*Data section*:

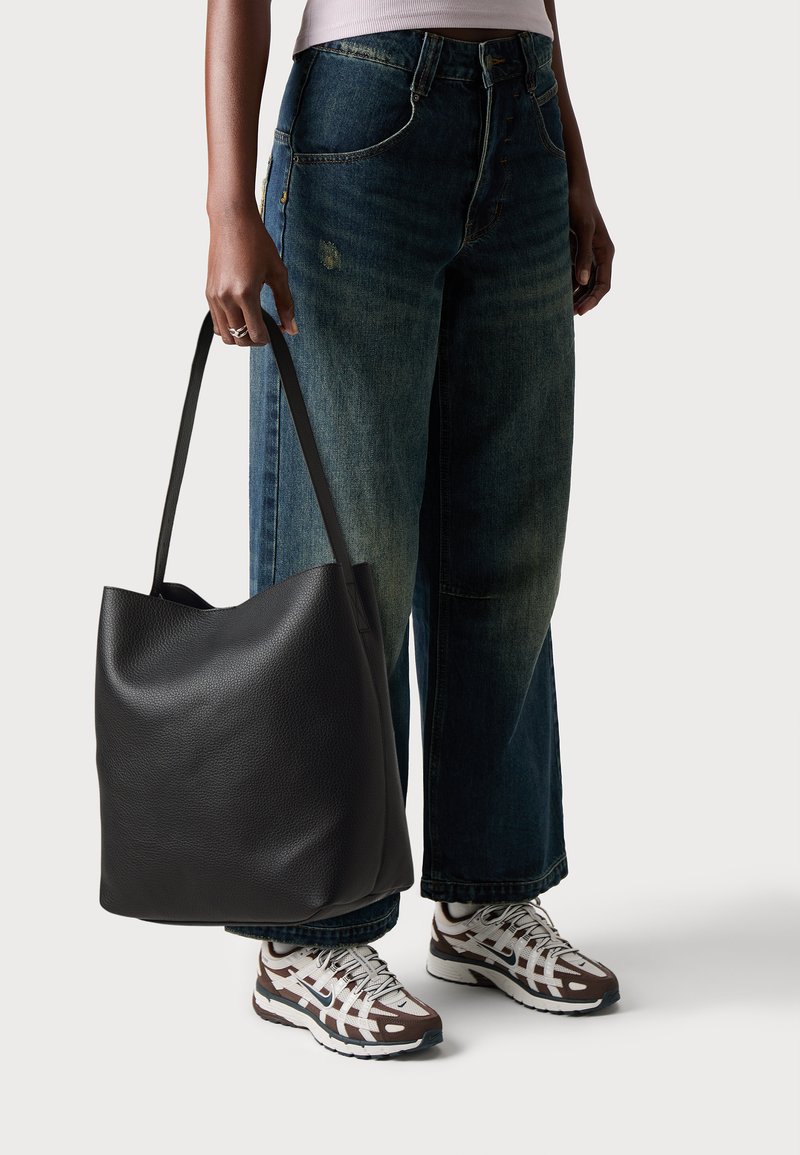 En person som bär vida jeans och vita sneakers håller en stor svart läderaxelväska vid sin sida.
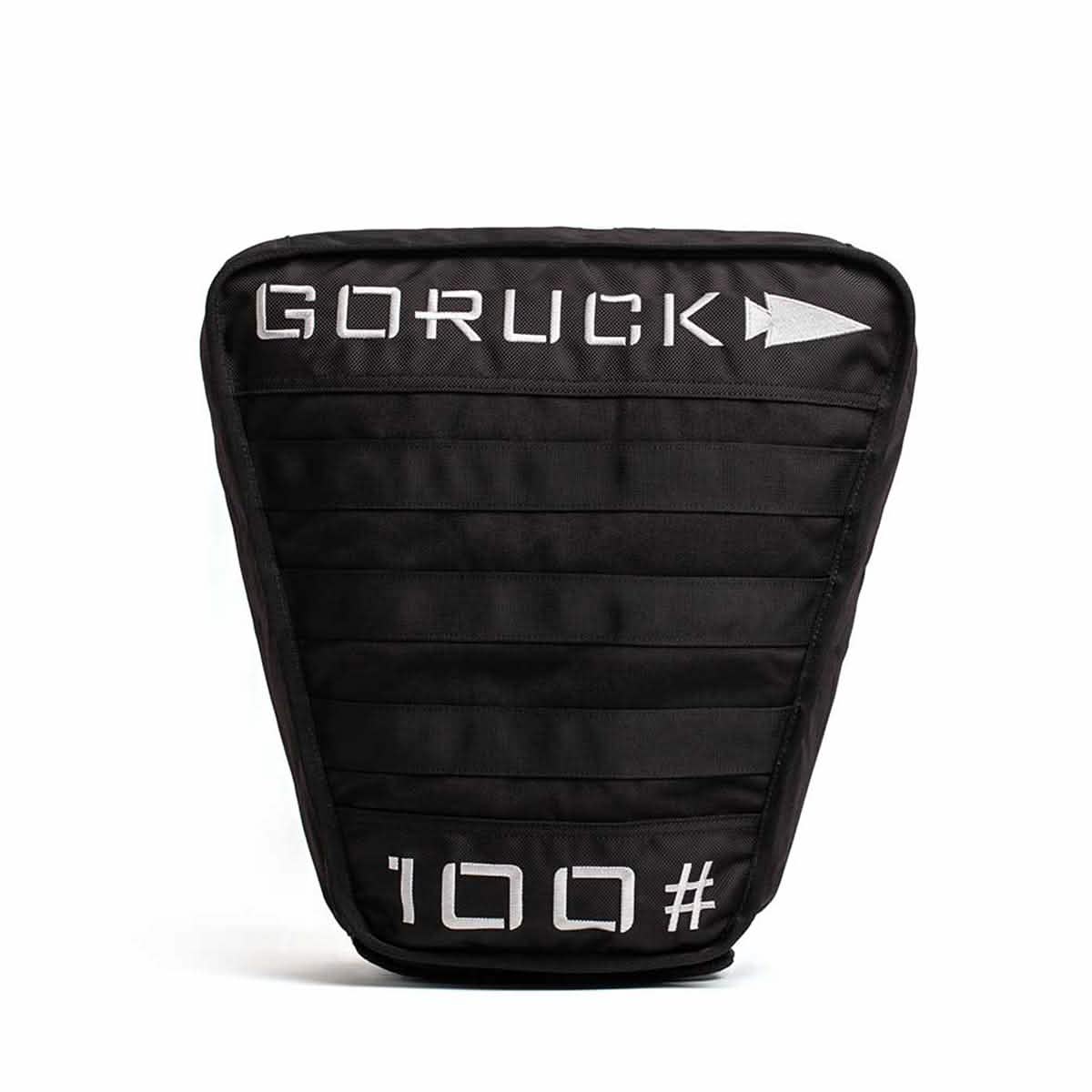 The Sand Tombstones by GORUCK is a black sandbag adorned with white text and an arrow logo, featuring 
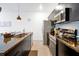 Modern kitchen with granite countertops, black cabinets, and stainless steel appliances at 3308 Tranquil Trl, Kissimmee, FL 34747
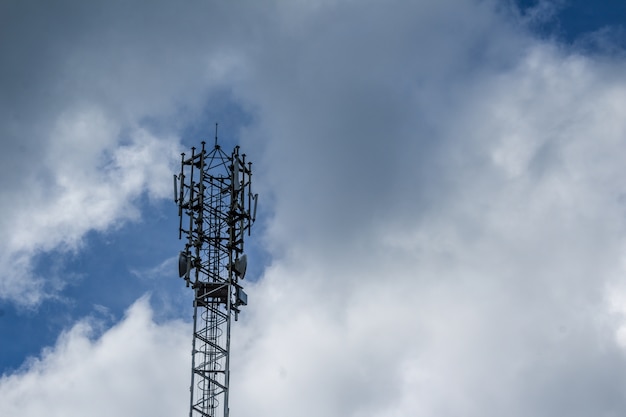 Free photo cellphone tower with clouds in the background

--

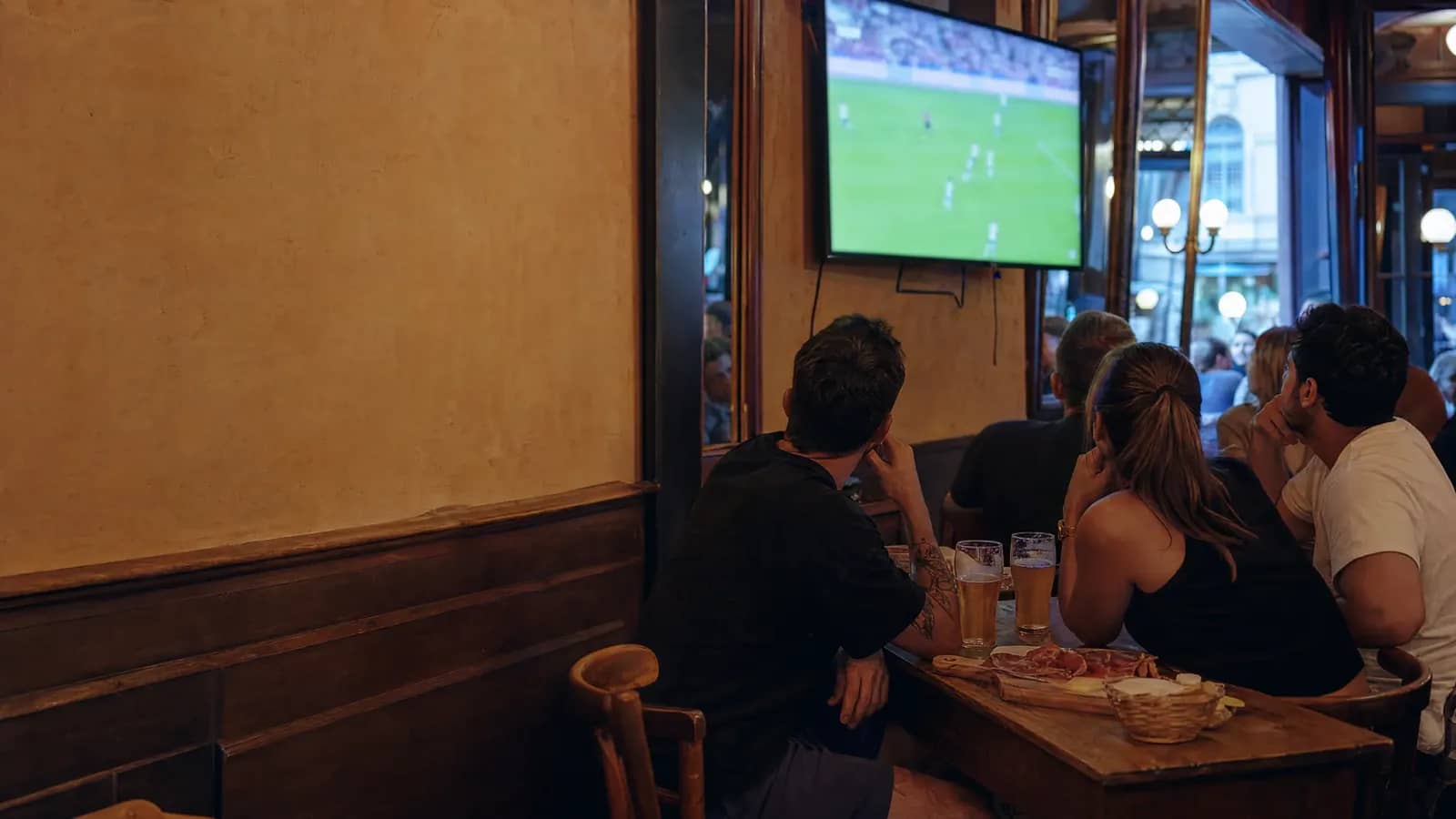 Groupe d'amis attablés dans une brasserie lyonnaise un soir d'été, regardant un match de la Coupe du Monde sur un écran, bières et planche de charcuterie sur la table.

*Instructions to follow*: Working from the entries above, please transcribe only the lines from the line with "Modern kitchen with" through the line with "Free photo cellphone", exactly, with both end lines and without pictures.

*Solution for this problem*:
 Modern kitchen with granite countertops, black cabinets, and stainless steel appliances at 3308 Tranquil Trl, Kissimmee, FL 34747
 Free photo cellphone tower with clouds in the background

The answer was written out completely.